President Trump's inauguration for his second term marked a significant shift in US trade policy, with the signing of the America First Trade Policy Memorandum and the announcement of new tariffs on various countries. These changes could have major implications for businesses operating across borders, especially those in industries that have enjoyed low or duty-free rates. Besides country-specific duties, the administration is considering higher tariffs on automobiles and automotive parts, which could put pressure on EU manufacturers.
The America First Trade Policy initiates a comprehensive review of existing US trade measures. This review encompasses the examination of de minimis thresholds, export controls, anti-dumping laws, and the potential establishment of a new External Revenue Service. Certain products that have previously been exempt from taxation, such as specific medicines, medical equipment, and other goods with low customs duties, may soon be affected.
A unified report on these topics, coordinated by the Secretary of Commerce, is expected by 1 April 2025. During the signing ceremony, Trump also hinted at imposing 25% tariffs on Canada and Mexico as early as 1 February.
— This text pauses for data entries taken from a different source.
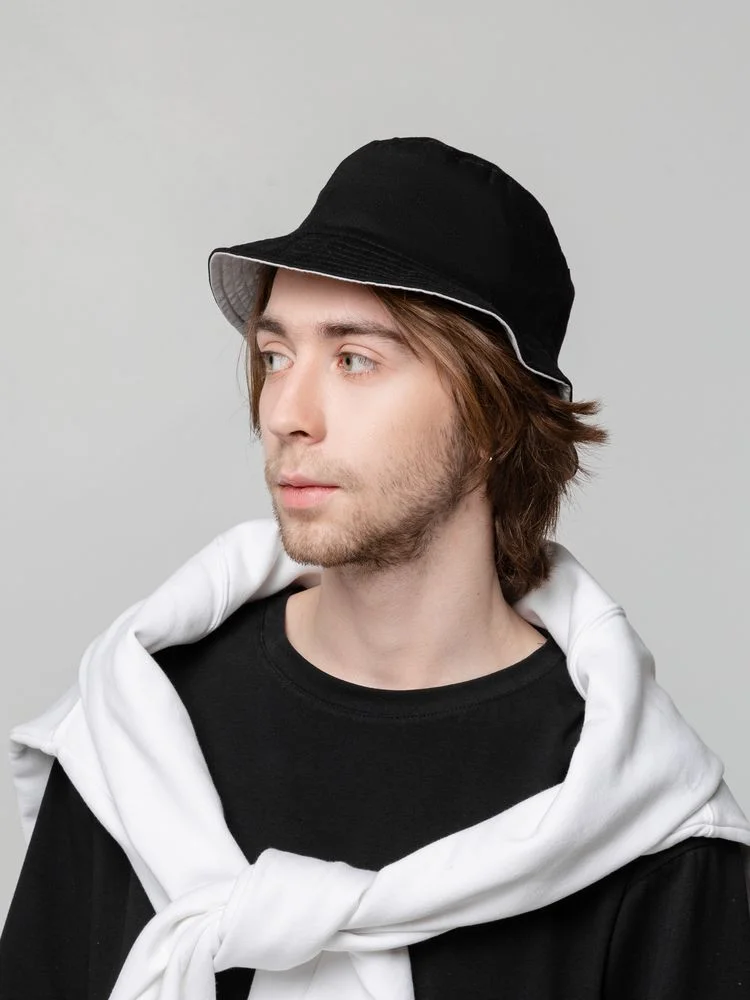 Панама Summer двусторонняя, черная с серым - фото 6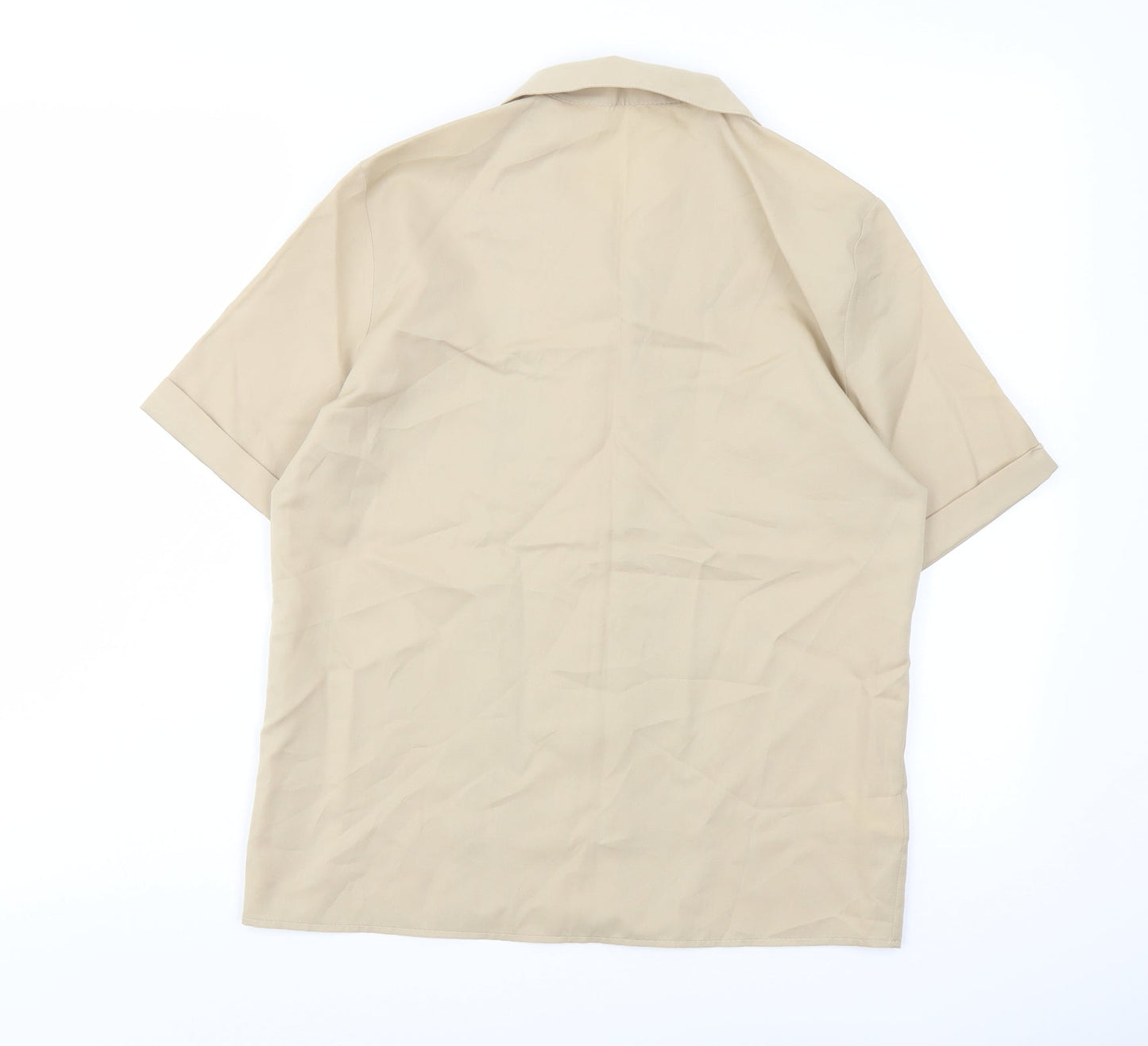 St Michael Womens Beige Polyester Basic Button-Up Size 10 Collared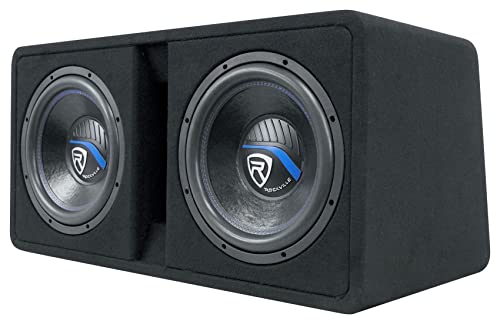 Dual 10" 2400w Car Subwoofers with Vented Sub Enclosure Box, 2 Ohm, Black T2321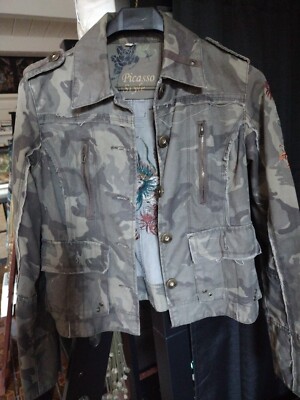 Military Style Jacket With Colorful Mystical Chicken On Back 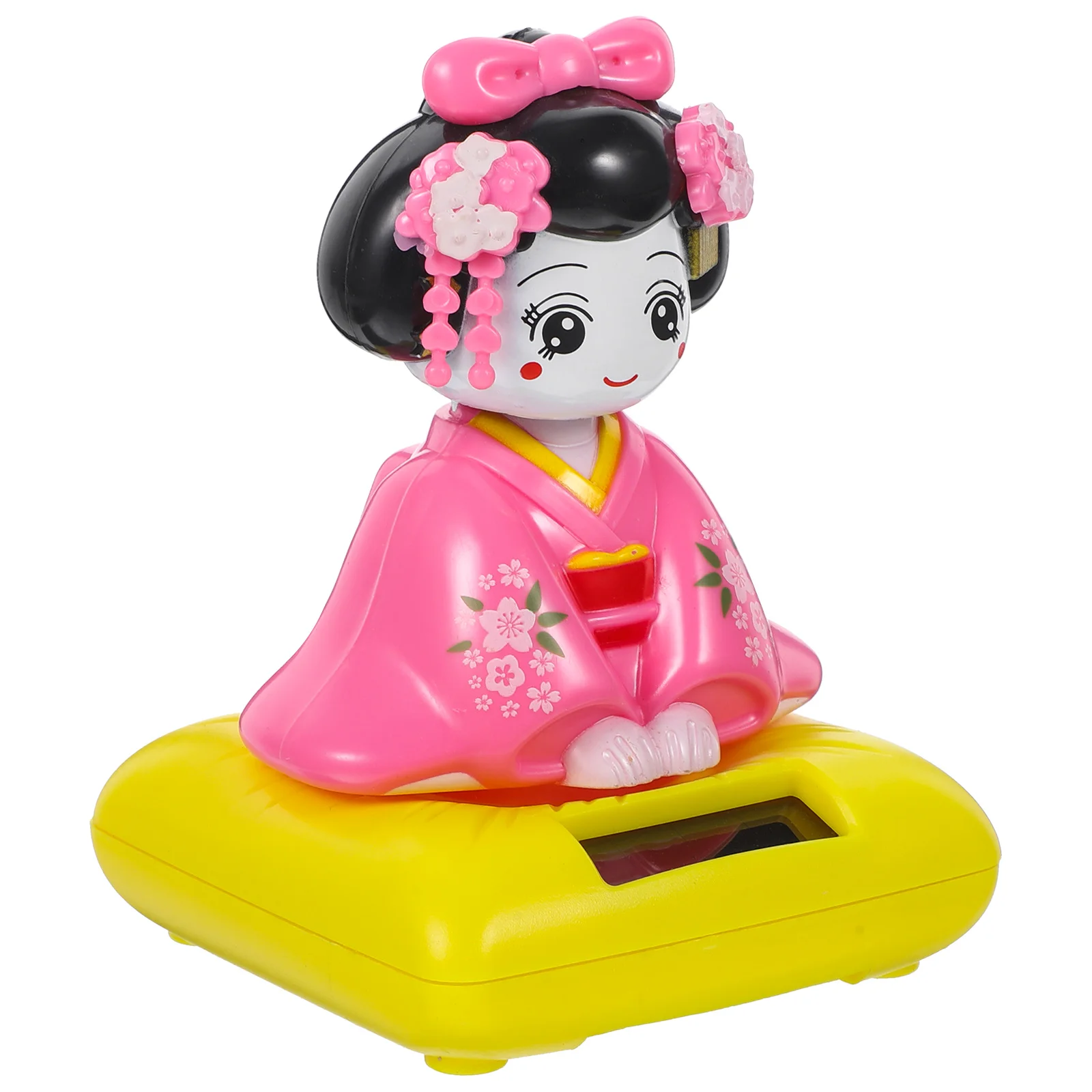 Animal Dancing Girl Bobblehead Mini Toys Small Kimono Decor Seat Red Solar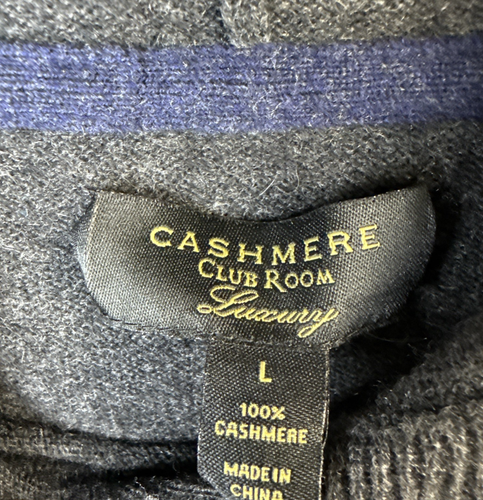 NWT Club Room Luxury Hoodie Men's L Dark Charcoal 100% Cashmere Pullover Sweater - Picture 4 of 11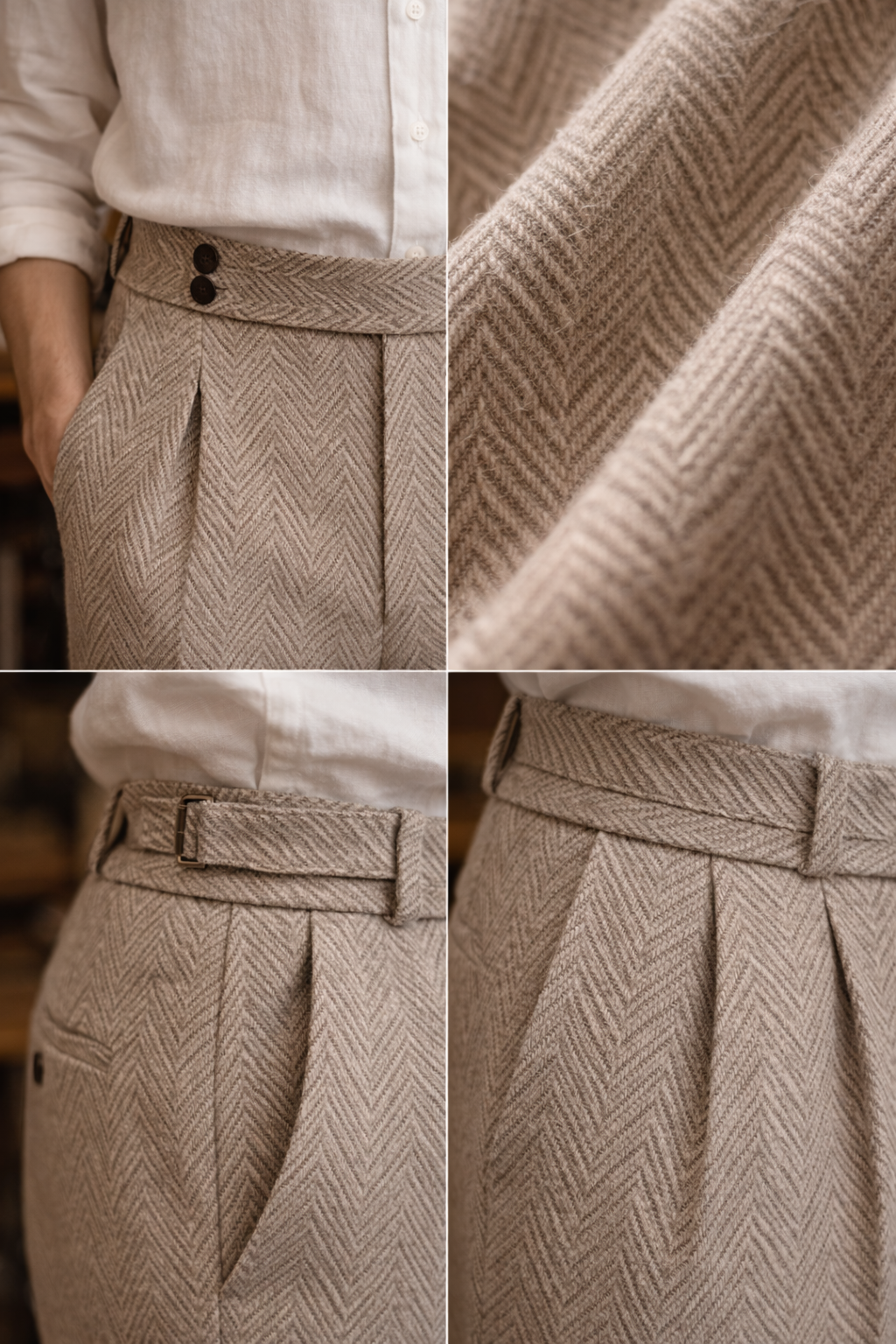 Men’s British Herringbone Wool Trousers – High-Waist Vintage Tailored Pants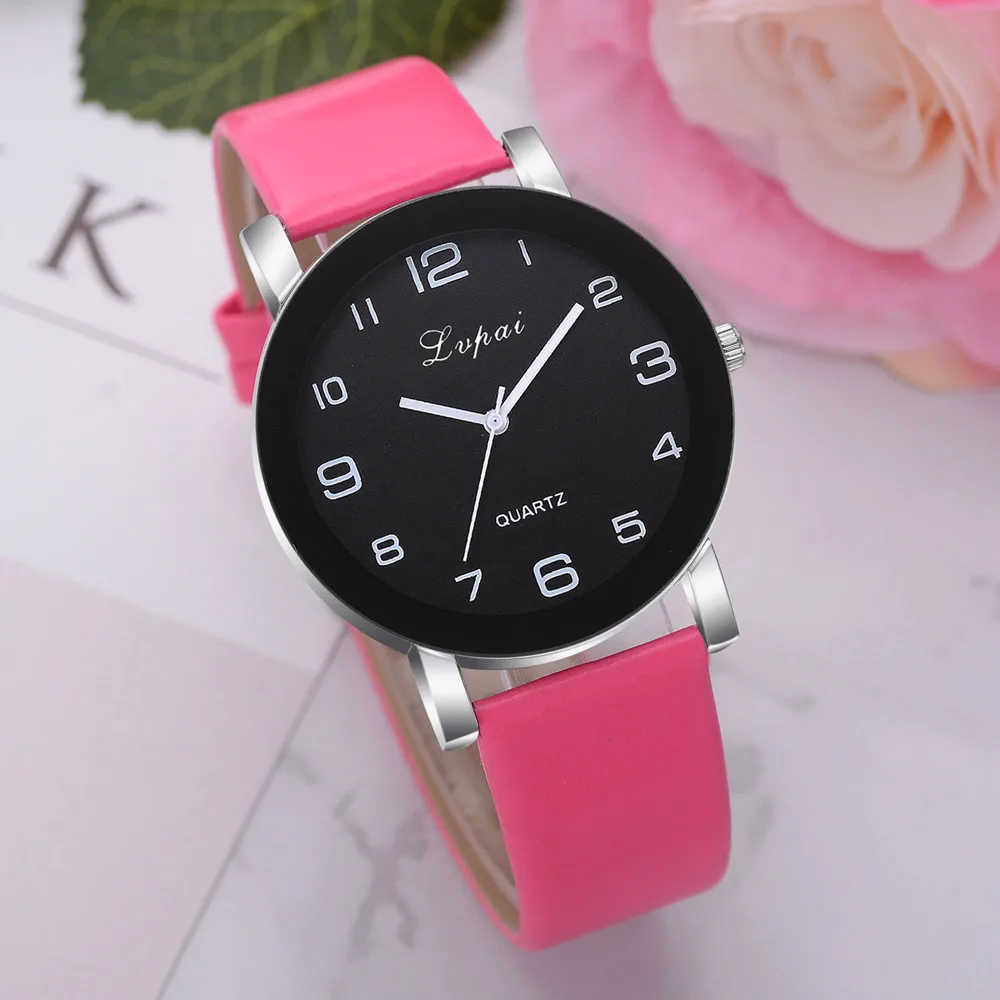 Лидер продаж модные женские часы повседневные с кожаным ремешком женские кварцевые наручные часы подарок часы круглые цифровые часы Zegarek Damski# W - Цвет: A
The Memorandum also emphasises the importance of trade policy for national security and reducing dependence on other countries. It directs the US Trade Representative to identify and address unfair trade practices, initiate public consultations on renegotiating the United States-Mexico-Canada Agreement (USMCA), and review all existing trade agreements, including those with China and the WTO. This may lead to potential withdrawal from various trade deals.
The memorandum also mandates a review of anti-dumping and countervailing measures and assesses the risks of importing counterfeit products. While the memorandum does not create enforceable laws, it signals significant upcoming changes in tariffs, trade defence measures, export controls, and sanctions.
Businesses should be prepared for the upcoming tariffs and changes in trade policy and assess the impact on their operations and shareholder returns. They should also explore options to minimise the tariff impact, such as Duty Drawback, First Sale for Export, Free Trade Agreements, and more. By taking a coordinated and data-driven approach, businesses can navigate these challenges, maintain stability, and establish an effective governance and compliance framework.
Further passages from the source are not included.